Я тут же велел заложить «Богатыря» – это моя ректорская лошадь – и, захватив с собою ноты, отправился с Женей Гюнсбургом добывать нефть. В «Райнефти» я отыскал заведующего и сделал вид, что пришёл к нему исключительно для того, чтобы передать ноты.
– Можете себе представить, – обращаясь к нему, произнёс я первую фразу, – перебирал свои ноты и нашёл экземпляр квартета, которым вы интересовались. Поговорили о музыке в самых дружеских тонах, а потом я и говорю:
– Я ведь к вам ещё по одному делу. Нам нужно добавить топлива.
– Да что вы, стоит ли беспокоиться о таких пустяках! Сколько нужно, столько и отпустим! – откликнулся заведующий.
Он тут же написал распоряжение, Женя всё как надо оформил. И мы в тепле докончили год.

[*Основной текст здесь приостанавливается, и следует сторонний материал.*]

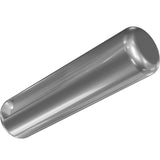 PIN,1.25 DIA X 5.00 LG,1 HOLE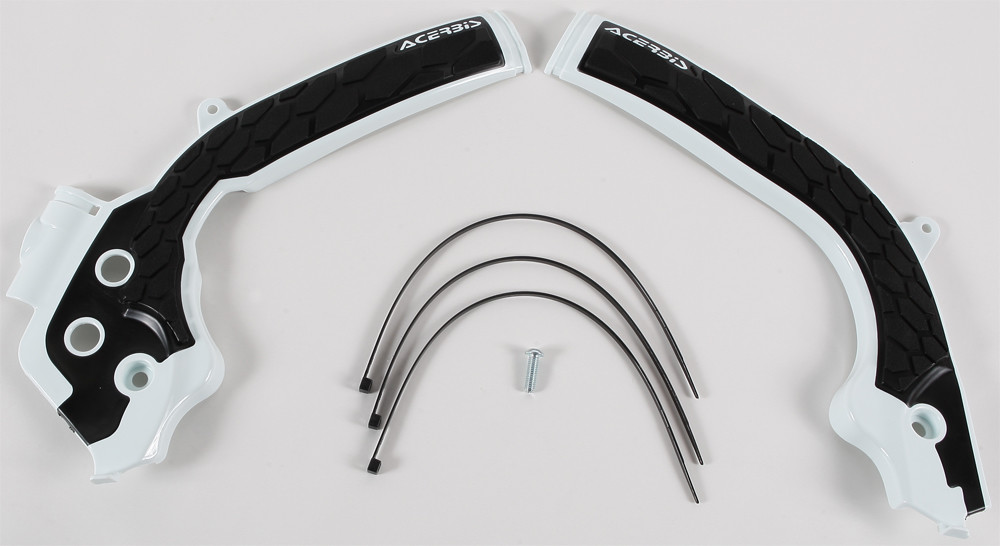 X-Grip Frame Guard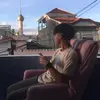 Abdulsaid - @abdulsaidmaps - TikTok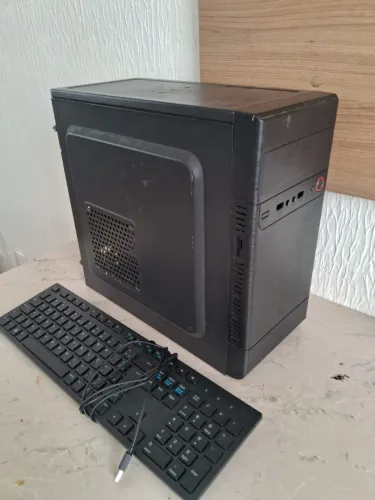 pc i7 4 geração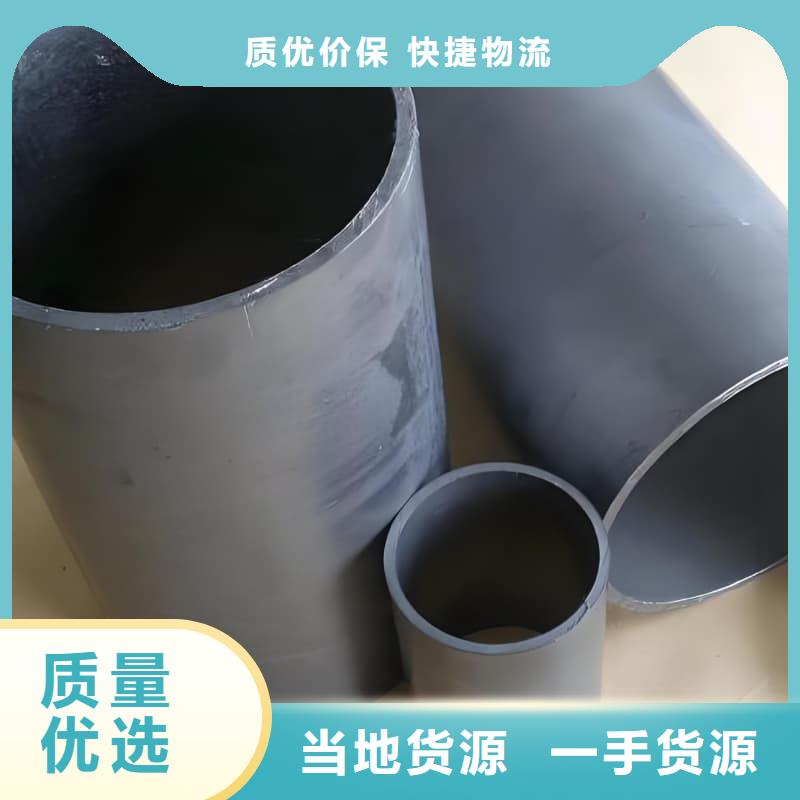 高純度鉛管專業(yè)供貨商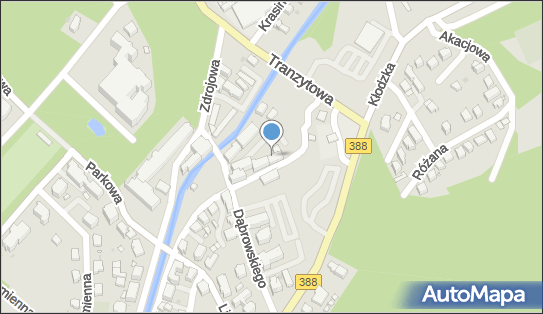 8831776575, Kwiaciarnia 
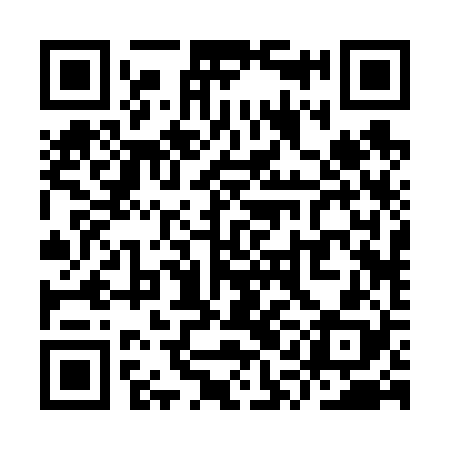 QR code for YQB628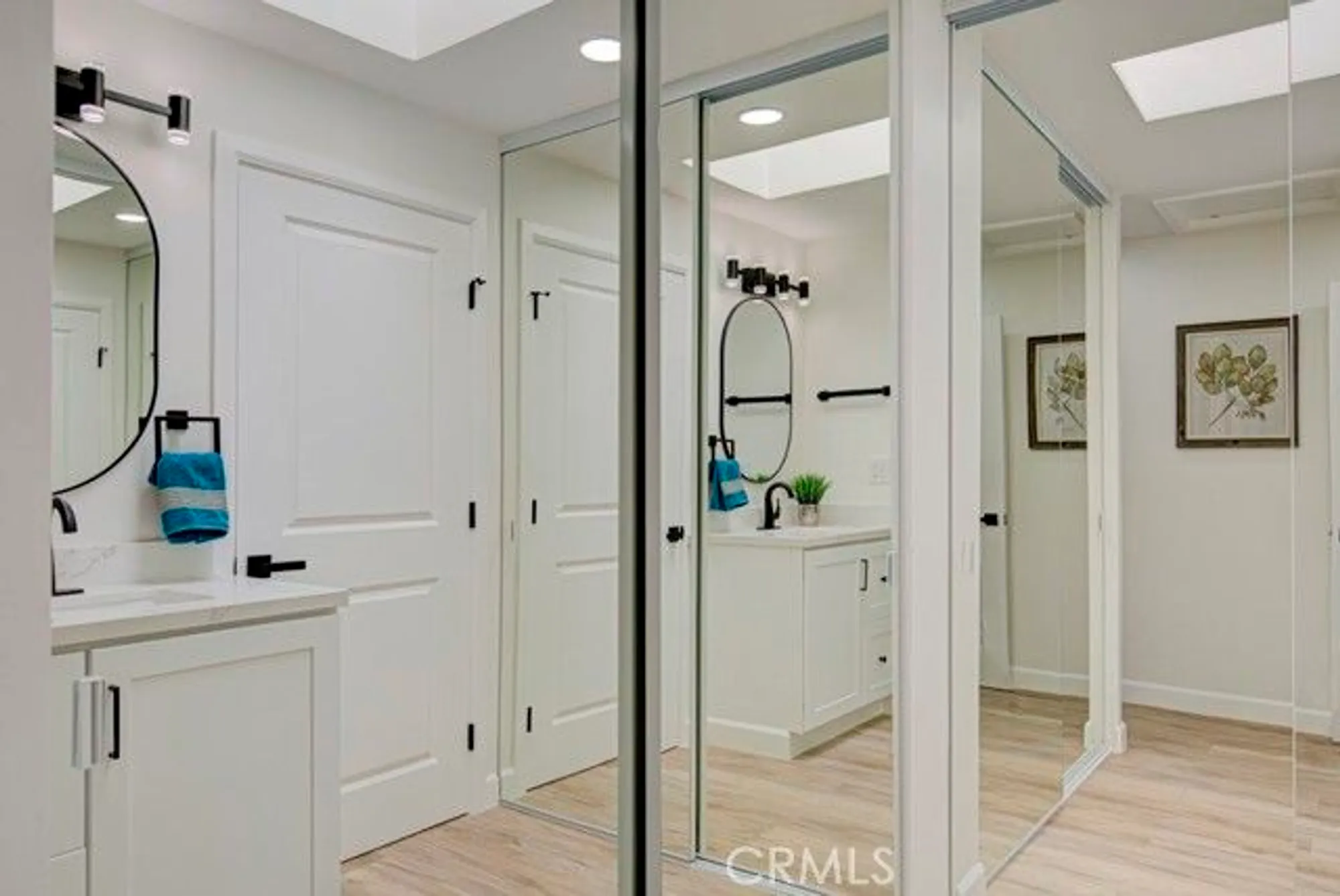 Property Slideshow image 25 of 38 | 3217 via carrizo a, Laguna Woods, CA, 92637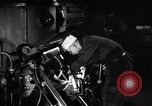 Image of Italian civilian Italy, 1945, second 25 stock footage video 65675045537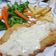 Cooksnap dari Wistiya Melandi Rahardja untuk resep Easy and Crunchy Fish & Chips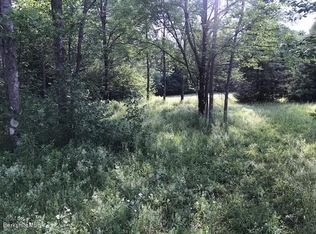 0 Loop Rd, Savoy, MA 01256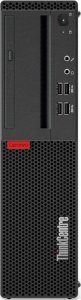 Komputer Lenovo Lenovo ThinkCentre M710s SFF Core i5 7400 (7-gen.) 3,0 GHz / 16 GB / 480 SSD / Win 10 Prof. 1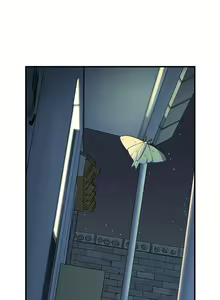 Page 127 of 幸福小岛/Childhood Bride - preview thumbnail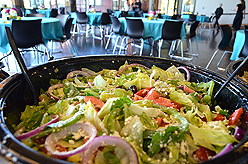 KASSAPALOOZA FEATURING HIT EXPLOSION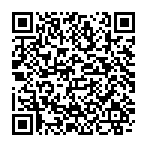 中埔鄉美透天全新整理-QR CODE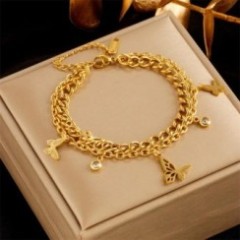 Bracelet Fiora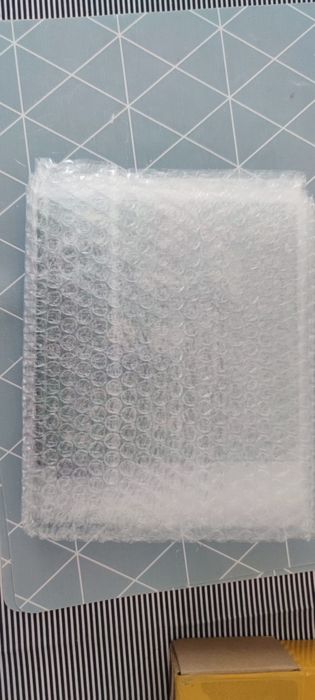 Placa de energia para TV, referência SHG5504C-101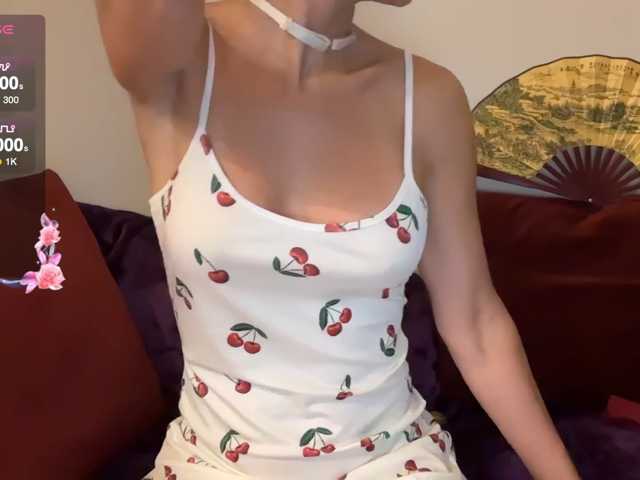 SEX-GABI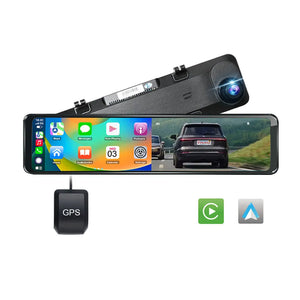 AOC-produits-1126R4G-dashcam-1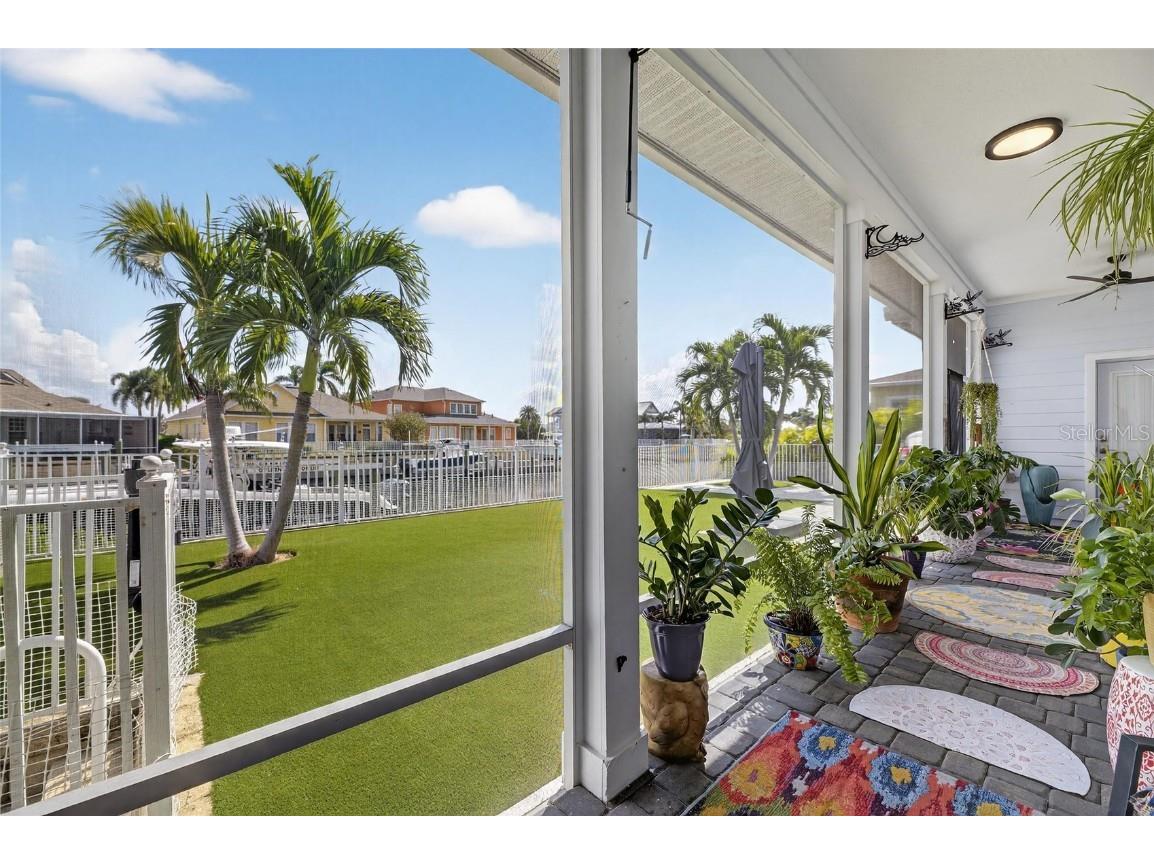 526 Islebay Drive Apollo Beach FL 33572 TB8434879 image53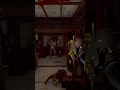 Зашел как к СЕБЕ домой в игре РАСТ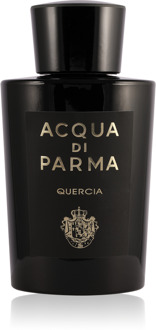 Quercia Eau de Parfum 180ml Spray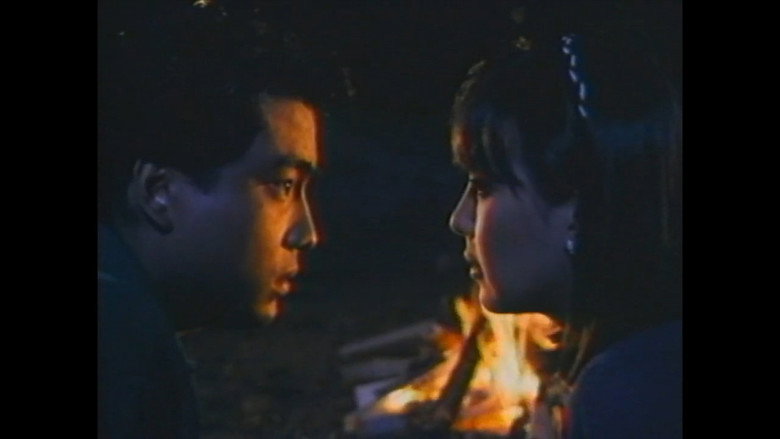 Pangako Sa'yo backdrop 1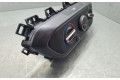 Блок управления климат-контролем 97250Q0011, EC510BCUEB03   Hyundai i20 (BC3 BI3)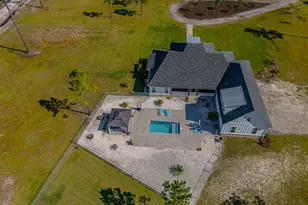 465 Old Brookman Rd, Brunswick, GA 31523 - Photo 5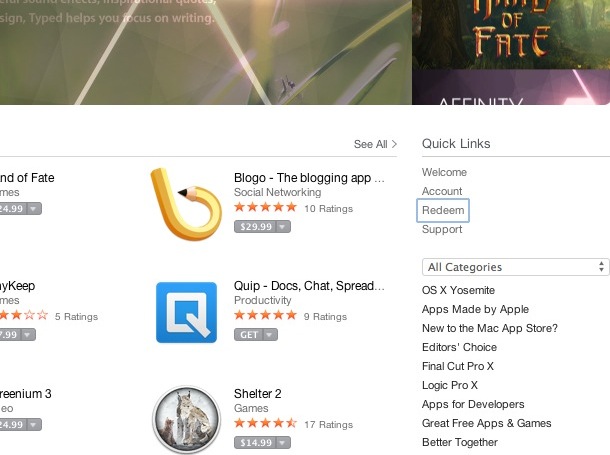 get-civilization-5-free-from-mac-app-store-2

Были и такие затруднения: нам очень нерегулярно переводили деньги из Москвы. Иногда привозили кучу «совзнаков», а потом долго ничего не было. Мы неоднократно писали и телеграфировали в Москву. Будто бы об этом докладывали самому Ленину, а он будто бы отвечал: «Ну, умные люди и без денег проживут». И мы действительно жили без денег. В оборот снова пускался спирт. Все кафедры, включая и кафедры филологического и юридического факультетов, под разными предлогами выписывали спирт. Например, такой предлог: спирт необходим для промывки переплётов – это какая-то кафедра филологического факультета выписывала. Дело в том, что в это время получалось много частных библиотек из больших помещичьих усадеб{506} и на промывку старых заплесневевших переплётов, действительно, шла небольшая часть получаемого спирта, большая же часть использовалась гораздо эффективнее.